Otzi08 Has been kind enough to upload one of the few Betty Boop cartoons not available on YouTube; the tragically dated Teacher's Pest. I'm jumping back in time for this one, since we're already up to Minnie the Moocher, but the uploading of it was a big enough event to warrant a new film class post.
It's alarming to see how old this cartoon feels. The comic timing, the staging, the animation, the voice, everything seems old. Strangely, it feels older than some of Bimbo's earlier cartoons, like Dizzy Dishes.

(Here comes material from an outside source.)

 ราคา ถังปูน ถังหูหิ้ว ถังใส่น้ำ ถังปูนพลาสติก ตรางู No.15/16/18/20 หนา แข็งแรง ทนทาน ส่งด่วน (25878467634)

Much like most of Fleischer's earliest cartoons, it seems to be ripped straight from Vaudeville, with most of the action built around allowing song-and-dance numbers. The overall staging has not yet started to delve into the surreal, instead simply using a school day as an excuse for aforementioned song & dance. Still, though, he's using cartoons to produce moving images that are simply fun to look at, and that's the only reason they exist. Like Bimbo snoring; there's no reason to have ten seconds of the table walking around other than that it looks funny. This also allows him to come up with a funny animation sequence and then repeat it. The audience doesn't notice the repeated sequence of frames because they're so damned weird to begin with that the eye actually appreciates the extra time to contemplate what it's seeing.
Furthermore, while the staging is archaic, the animation is anything but. It's substantially more advanced than what was seen in Dizzy Dishes. The constructs are still a bit wobbly, but they're much firmer. None of the grotesque fluctuations seen in earlier cartoons, where the character looks vastly different from scene to scene. To see what I mean, bring up Dizzy Dishes and freeze any given frame. Then do the same for Teacher's Pest. Each frame stands alone much better, and this cartoon is less than a year younger.